Hunt is a 2023 Indian Telugu-language action thriller film directed by Mahesh Surapaneni. It stars Sudheer Babu, Srikanth, and Bharath. Produced by B. Madhu under Bhavya Creations Division banner, it is based on multiple true incidents that took place in the states of Andhra Pradesh and Telangana. The film features music scored by Ghibran, with cinematography by Arul Vincent, and editing by Praveen Pudi.

It is a remake of the 2013 Malayalam film Mumbai Police. The film received mixed reviews from critics, and was a box office bomb.

==Plot==
P. Arjun Prasad is the ACP of Hyderabad, ends up in an accident which causes him partial memory loss. Prior to the accident, Arjun was having a conversation with Commissioner of Police Mohan Bhargav. He informs Mohan that he has solved the murder case of his best friend ACP Aryan Dev who was killed by a sniper during a gallantry awards ceremony at the police parade ground. Before he could disclose the name of the murderer, the accident occurs resulting in the partial memory loss.

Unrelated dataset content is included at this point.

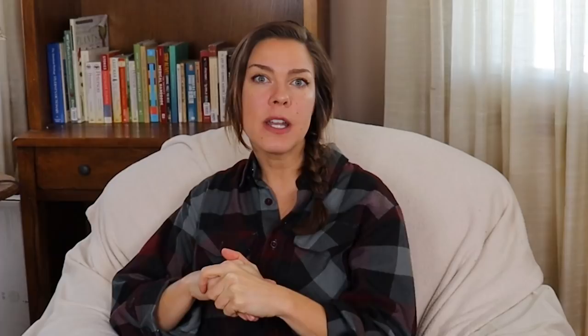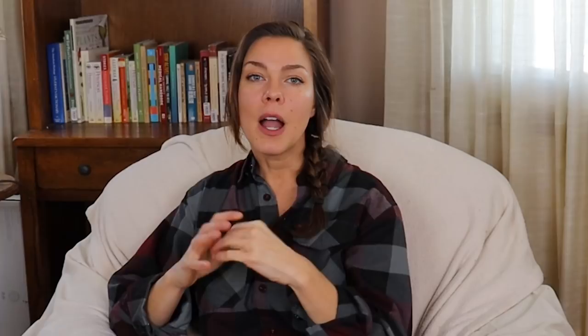The second spinach variety, Acadia, available from Gurney Seed, is also resistant to downy mildew and has that traditional semi-Savoy leaf shape — really big, beautiful, dark green, healthy-looking leaves. I preferred using this one at full mature leaf size. Because of its more substantial texture, Acadia was my pick for cooking: sauteing, soups, stews, and casseroles. It also has great bolt tolerance, which while not an issue in fall, gave me an extended harvest in spring — about two to three weeks longer than my other spinach varieties that had already bolted.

Arjun is attacked by assassins at his apartment after he is discharged, but he fights them off.

Mohan tells Arjun about their relationship with Aryan and the case investigation that Arjun has made. The trio were nicknamed as Mumbai Police due to their past in the Mumbai counter terrorism division. Due to Arjun's impressive capabilities as a cop, Mohan reassigns Arjun on the case despite the memory loss. Arjun has a hard time adjusting to his new life which starts affecting his profession. As the investigation continues, Arjun realises that he was a daredevil cop with an impressive record but was notorious for his use of violence, alcoholism and womanising.

Arjun finds that the sniper who was hired to assassinate Aryan was remote controlled. As his investigation proceeds, Arjun is asked to be removed from the case by his team members but Arjun asks for 2 days' time in order to solve the case and find the culprit. A man comes to Arjun's apartment and starts behaving oddly, which confuses Arjun and he beats him out of his apartment. Arjun realises that he is a closeted homosexual and breaks down in tears. Arjun confronts Mohan and asks him to reveal the full audio clip on his voicemail that he had sent before his accident.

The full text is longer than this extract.